We can import and export *some* JSON objects with Pandas.

In [10]:
# importing Pandas
import pandas as pd

In [11]:
x = [{"a": 1, "b": 2.5, "c": "car"},
     {"a": 99, "c": "train"},
     {"a": -4, "b": -0.1, "c": "plane"}]

In [12]:
df = pd.DataFrame(x)

In [13]:
df

Unnamed: 0,a,b,c
0,1,2.5,car
1,99,,train
2,-4,-0.1,plane


In [14]:
df.info()

<class 'pandas.core.frame.DataFrame'>
RangeIndex: 3 entries, 0 to 2
Data columns (total 3 columns):
a    3 non-null int64
b    2 non-null float64
c    3 non-null object
dtypes: float64(1), int64(1), object(1)
memory usage: 152.0+ bytes


In [15]:
# warning: 
df.to_json()

'{"a":{"0":1,"1":99,"2":-4},"b":{"0":2.5,"1":null,"2":-0.1},"c":{"0":"car","1":"train","2":"plane"}}'

In [16]:
df.to_json(orient="records")

'[{"a":1,"b":2.5,"c":"car"},{"a":99,"b":null,"c":"train"},{"a":-4,"b":-0.1,"c":"plane"}]'

In [17]:
df.to_dict("records")

[{'a': 1, 'b': 2.5, 'c': 'car'},
 {'a': 99, 'b': nan, 'c': 'train'},
 {'a': -4, 'b': -0.1, 'c': 'plane'}]

In [18]:
# to show that it works we can export and import it again
json.loads(json.dumps(df.to_dict("records")))

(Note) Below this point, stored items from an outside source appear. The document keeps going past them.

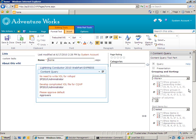Hello and welcome to my screencast on the Lightning Conductor 2010 Web Part Express. The first thing we're going to do here is show you why you would want to use the Lightning Conductor 2010 Web Part Express in comparison to the Content Query Web Part that comes with Office SharePoint Server 2010.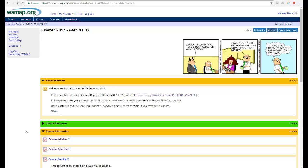All right welcome to Math 91 Hybrid Summer 2017. This video is going to give you a quick rundown on WAMAP and how to get started with the course.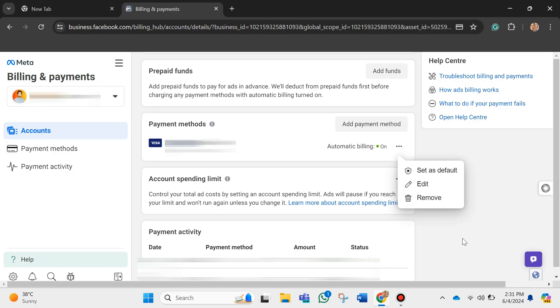So just go ahead and click on it. That's how you can remove MasterCard from Facebook page. That's all for this video.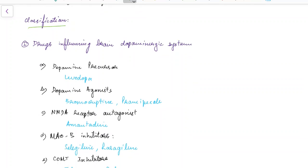Anti-parkinsonian drugs depending on their action are classified into drugs influencing brain's dopaminergic system and drugs influencing brain's cholinergic system. The drugs influencing brain's dopaminergic system are dopamine precursors like levodopa,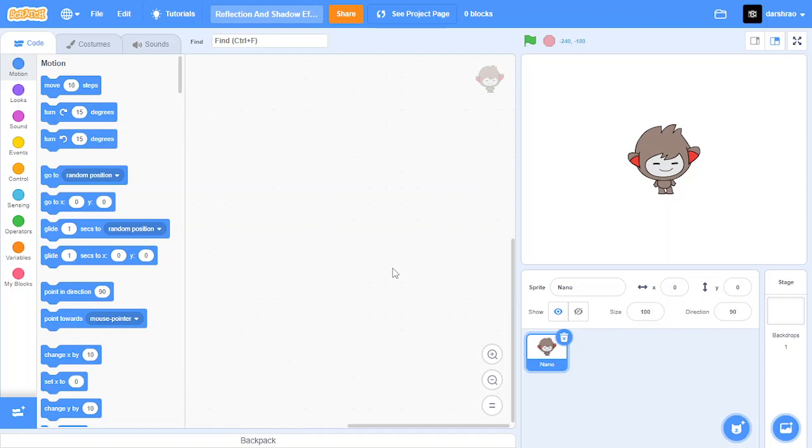Hello everyone, I am TechCoder. Welcome to another Scratch tutorial. In this tutorial I will be showing you how to make reflection and shadow effect in Scratch. So let's get started. Let's start with reflection effect.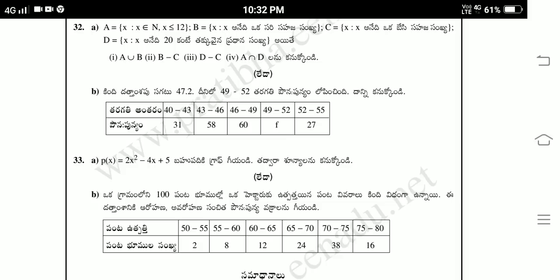This is the question paper for Telugu medium people. Questions 1 to 12 were solved in English medium — check those answers as well. If you like my video, for more videos, like, share, and subscribe to my channel. Thanks for watching.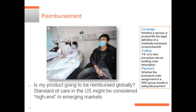Of course, reimbursement — the last talk did a great job talking about how your product is going to be used. What you might consider even a common product here in the US might be something high-end in another market. Consider how much physician training you're really going to have to do to get adoption — all of that goes into consideration.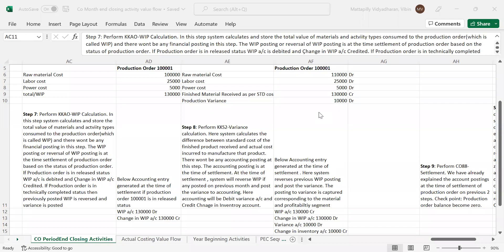Hello, everyone. Today we are going to discuss the remaining part of CO Month-end Closing Activities, Part 3. We had a total of three parts in this session: CO Month-end Closing Activities Value Flow. If you have not seen the previous two parts, please watch that. This is the last part where we are going to discuss the remaining steps in the Month-end Closing Activities Value Flow.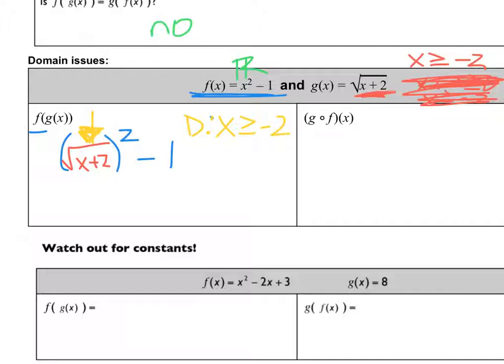When I square a square root I just get x plus 2 minus 1, which gives me x plus 1. Does that final answer have a square root? No. Does it have a fraction? No — so if I had waited until this step I would have said the domain is all real numbers. But in fact, we have to use that original domain restriction of x greater than or equal to negative 2.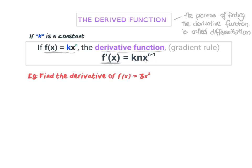Find the derivative for this function. I'm going to write the derivative — it's going to be k, which is 3, times n, which is 3, then x to the power of n minus 1, so 3 minus 1 which is 2. So the derivative function for this formula is 9x squared.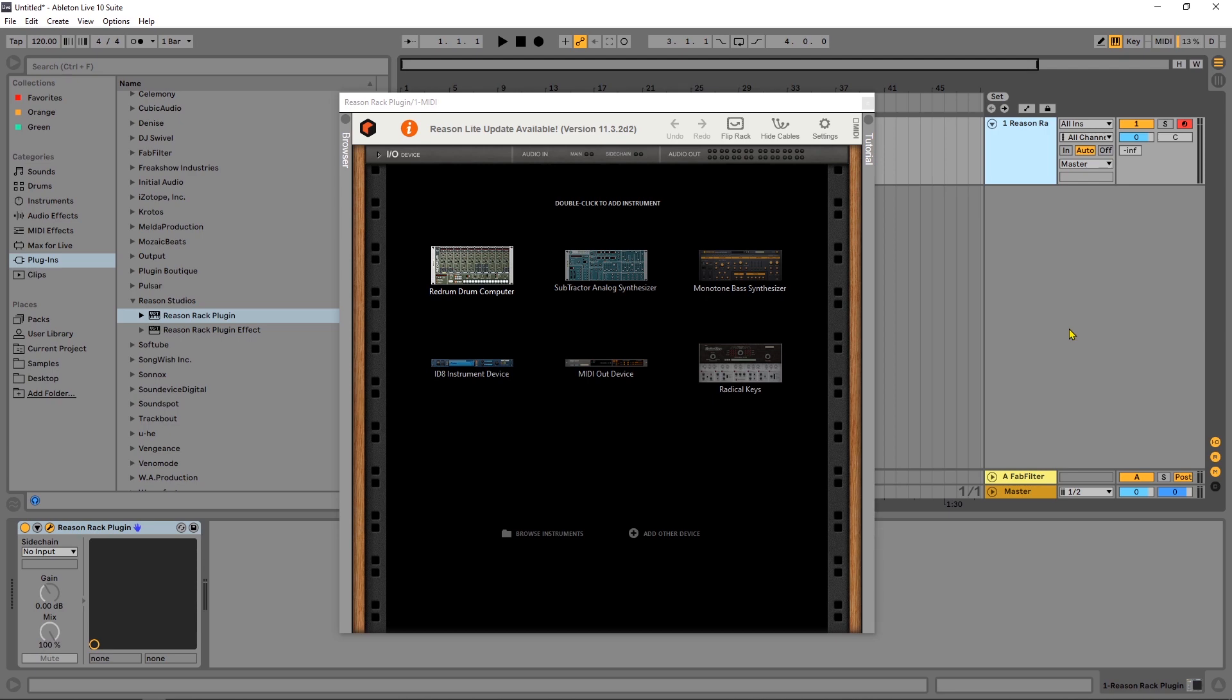This was a question that was asked more than once on the other video tutorials I've put out for this rack, so I'm just going to cover that here real quickly. And the process is actually even easier than it is with the video tutorial about getting the matrix to control your external VSTs.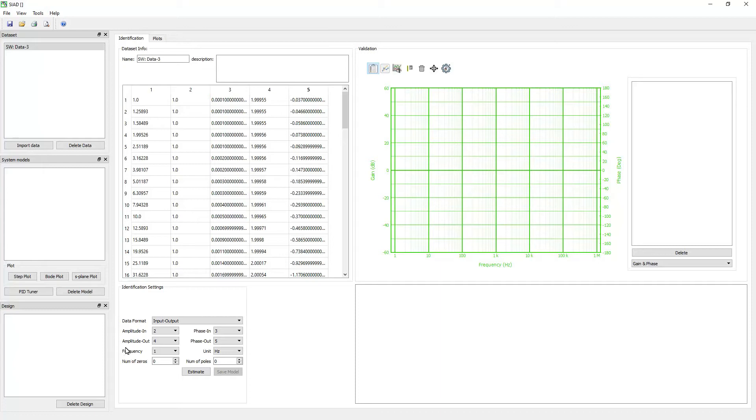This sample measured data format is in the input output format. The input amplitude is column 2, the input phase is column 3, the output amplitude is column 4, and the output phase is column 5. The frequency is column 1, and the unit is in Hertz.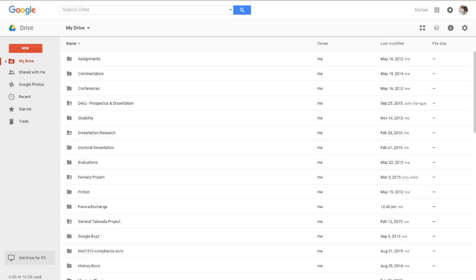Greetings and welcome back to another episode of How to Digital History. My name is Michael Belise and in today's episode we're looking at how to organize files and folders within Google Drive.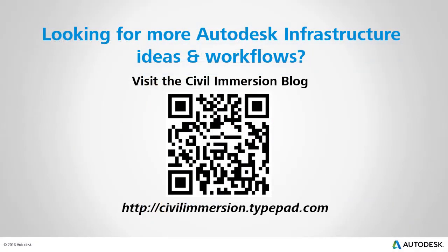Would you like to explore other Autodesk infrastructure ideas and workflows? If so, please visit the Civil Immersion Blog by scanning the QR code or by following the URL listed below.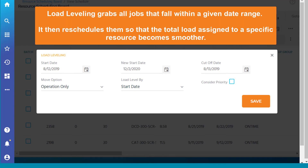Load leveling grabs all jobs that fall within a given date range. It then reschedules them so that the total load assigned to a specific resource becomes smoother.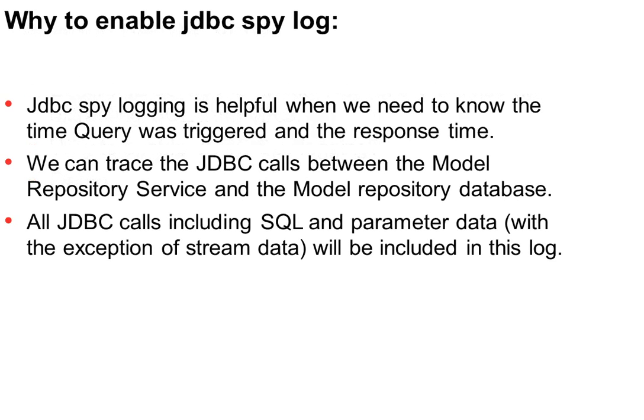First, why to enable JDBC spy log. JDBC spy logging is very helpful when we need to know the time the query was triggered and the response time from the database. We can trace the JDBC calls between the Model Repository Service and the model repository database.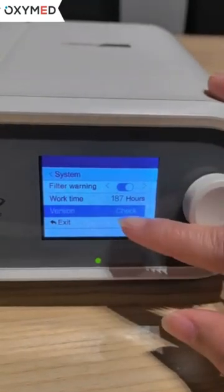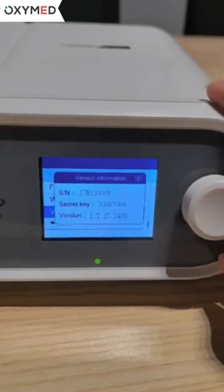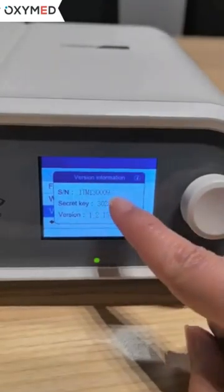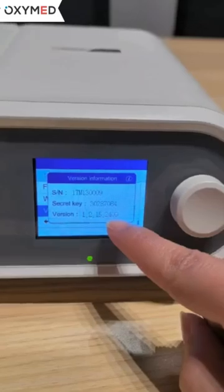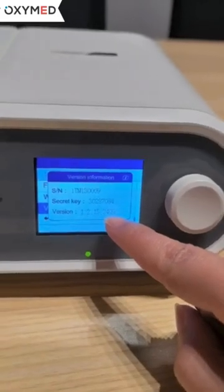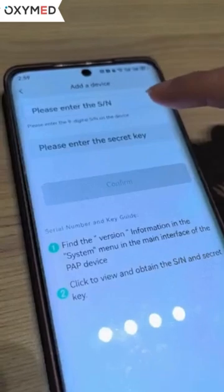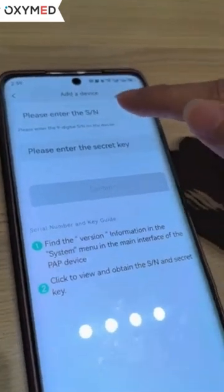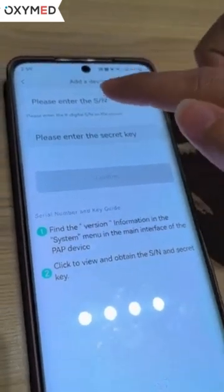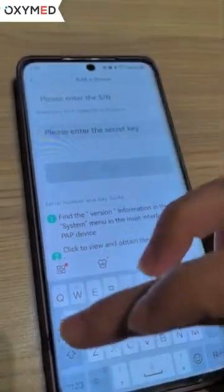Next, we rotate the control button cursor to 'Version Check' and press it. We will then see the device number, secret key, and the version of the device.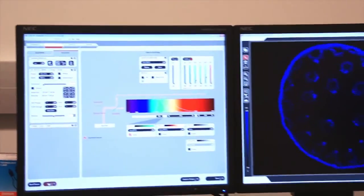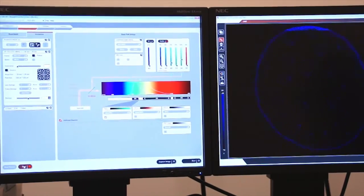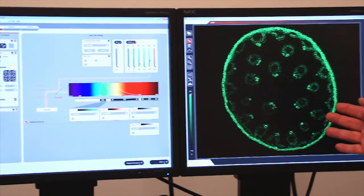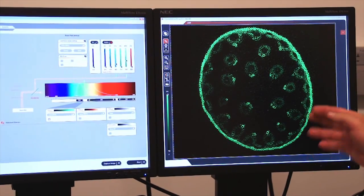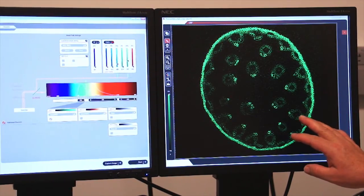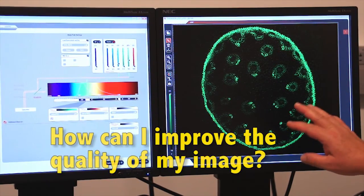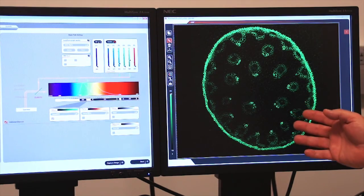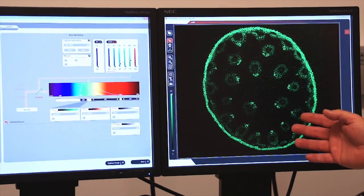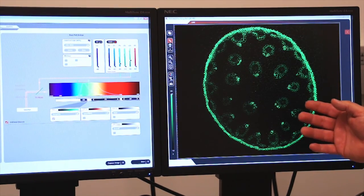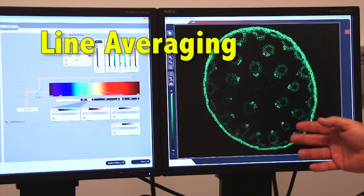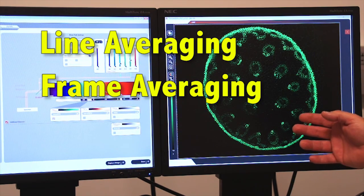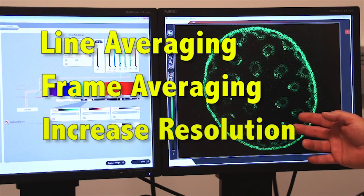Let's collect a live image on our screen. And as you can see, I have a fairly well illuminated image, but it's a little bit grainy. How can I improve the quality of my image? There are several ways to improve the quality of my image. One is to use line averaging. The other is to use frame averaging. And finally, I can increase my resolution as well.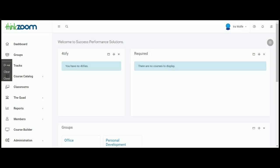Hi everyone, it's Ira Wolf from Success Performance Solutions. I wanted to thank you for accepting our invitation to try out our ThinkZoom LMS. I just wanted to show you how to find courses.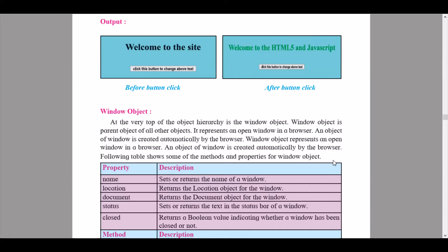Hi everyone, welcome back to the IT and Psychology YouTube channel. Today we are going to be continuing with the third chapter, Advanced JavaScript, of Information Technology Grade 12. For the first two lectures, we had discussed the introduction of JavaScript, switch case statements, looping statements, and the different types of looping statements along with the break and continue statements.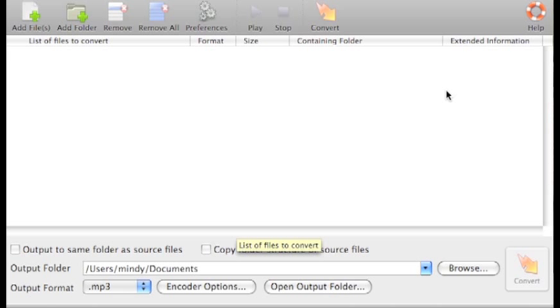This is a very simple tutorial for how to use Switch to convert a WMA file to a WAV file. The same principle applies for other file types, but that's what I'm going to show you here.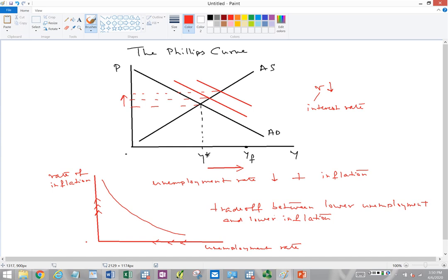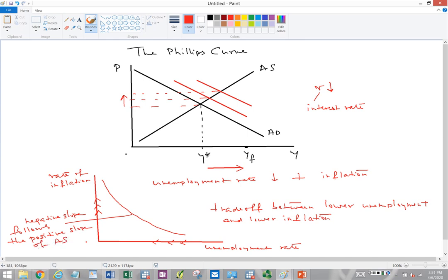Why is the Phillips curve negatively sloped? Its negative slope follows from the positive slope of the AS curve. As the AD curve shifts rightward through multiple positions (AD → AD′ → AD″), new equilibria are traced along the positively sloped AS curve — real GDP increases but so does the equilibrium price level, producing demand-pull inflation. This is what Phillips observed from US data in the 1960s.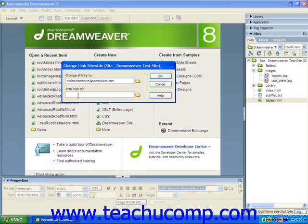Once you've selected or typed the hyperlink reference which you would like to change into the Change All Links to text box, then you must either type or select the new hyperlink reference in the Into Links to text box. And once again, if you would like to select a local file, you can click the small folder button at the right end of this text box to launch the Select New Link dialog box, where you could choose the new file for the hyperlink.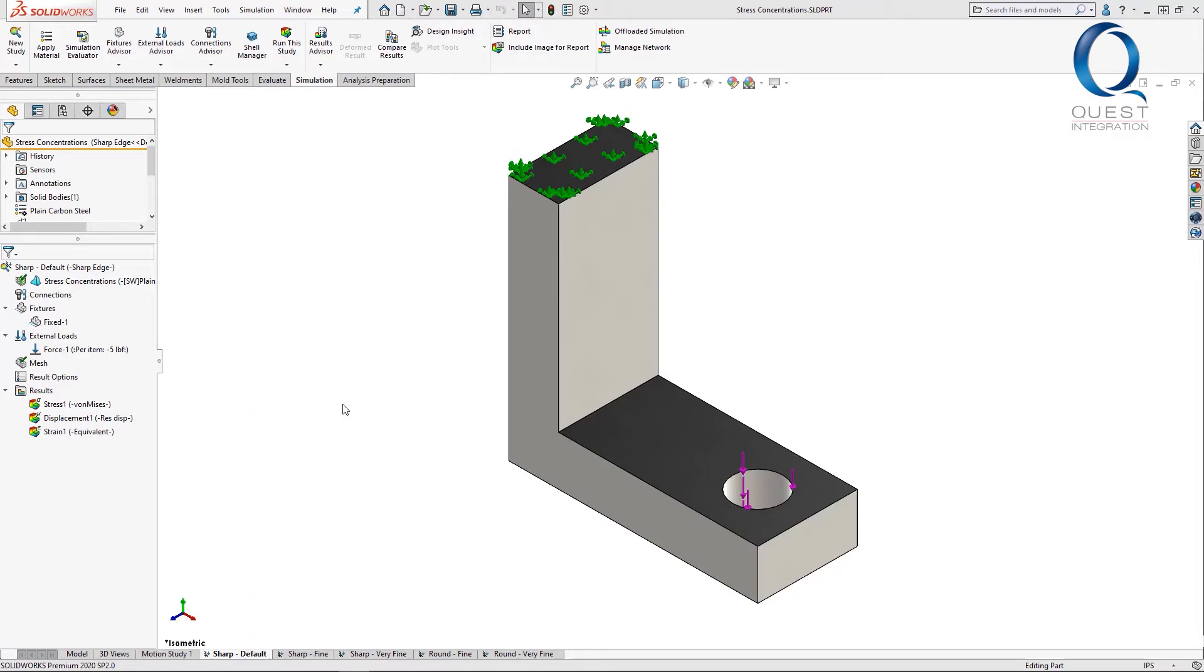Now I'm going to show you how refining your mesh in these areas can make the issue even worse, and something you can do to alleviate it. Just to show an example, I had these three studies that are all identical except for their mesh size.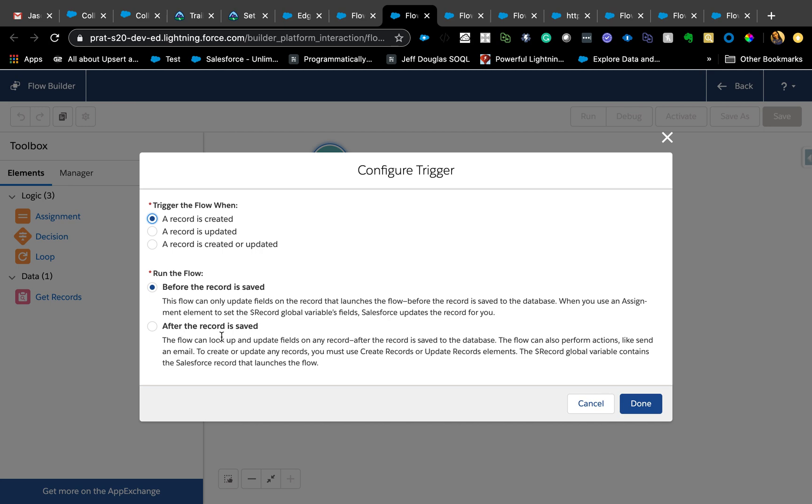Things like after insert where you need the record ID to perform other operations on the creation of that record, you will now be able to do that using the flow. For example, let's say you want to create a task or a milestone or some sort of record related to opportunity when an opportunity is created with a certain stage. To create a related record you definitely need the ID of the record.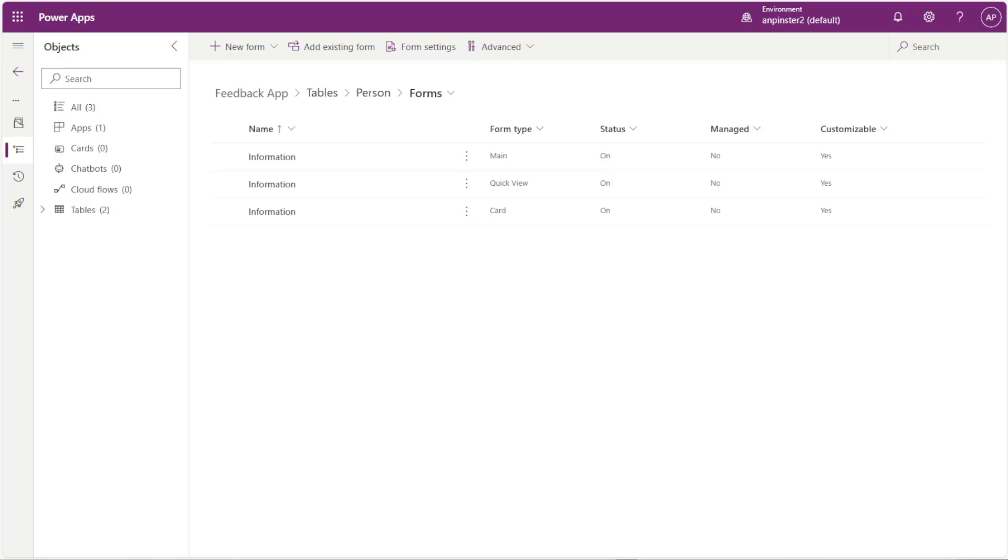Let's get started. Okay, so first thing we want to do is we want to create the quick view form within the table that is not the main table, so not the table that you are going to expose it in.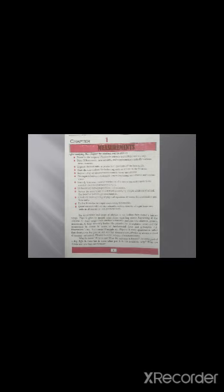Differentiate between precision and accuracy. Assess the uncertainty in a derived quantity by simple addition of actual, fractional, and percentage uncertainties.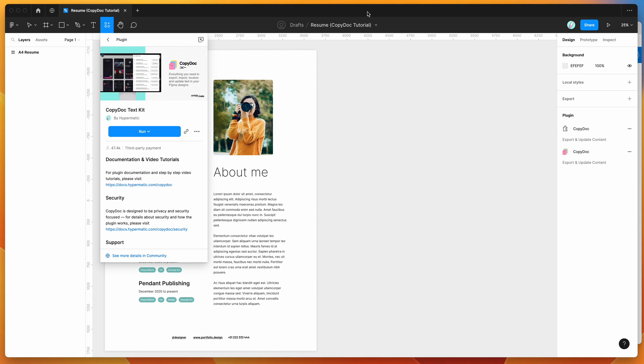Hey everyone, this is Adam and today I'm going to be showing you how to automatically update your Figma text content from Office 365 Word using the CopyDoc plugin.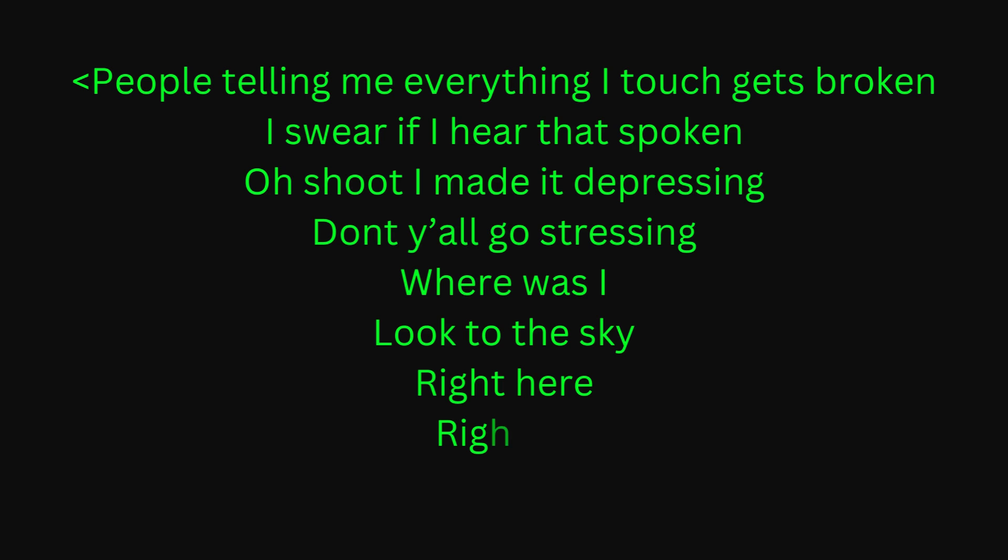People telling me everything I touch gets broken. I swear if I hear that spoken, oh shoot, I made it depressed. Don't y'all go stressing. What was I? Look to the sky, right here, right?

[{'a': 1, 'b': 2.5, 'c': 'car'},
 {'a': 99, 'b': nan, 'c': 'train'},
 {'a': -4, 'b': -0.1, 'c': 'plane'}]

In [19]:
df.to_dict("series")

{'a': 0     1
 1    99
 2    -4
 Name: a, dtype: int64, 'b': 0    2.5
 1    NaN
 2   -0.1
 Name: b, dtype: float64, 'c': 0      car
 1    train
 2    plane
 Name: c, dtype: object}

## Exercises

* Try other `df.to_dict` exports. What are the othert forms.
* Try loading into Pandas a list of dictionaries, where:
    * types are different (e.g. containing both `12` and `"bridge"`),
    * there is a missing value among integers.

In [20]:
z = [{"a": 12, "b": 99, "c": 19},
     {"a": "bridge", "c": 19.5}]

In [21]:
df = pd.DataFrame(z)
df

Unnamed: 0,a,b,c
0,12,99.0,19.0
1,bridge,,19.5


In [22]:
df.info()

<class 'pandas.core.frame.DataFrame'>
RangeIndex: 2 entries, 0 to 1
Data columns (total 3 columns):
a    2 non-null object
b    1 non-null float64
c    2 non-null float64
dtypes: float64(2), object(1)
memory usage: 128.0+ bytes


## Beware of

* some objects can be exported to JSON in many different ways
* implicit format changes (e.g. 2 -> 2.0)
* the representation of missing values

## Bonus

We live in the Matrix: a Jupyter Notebook is a JSON file!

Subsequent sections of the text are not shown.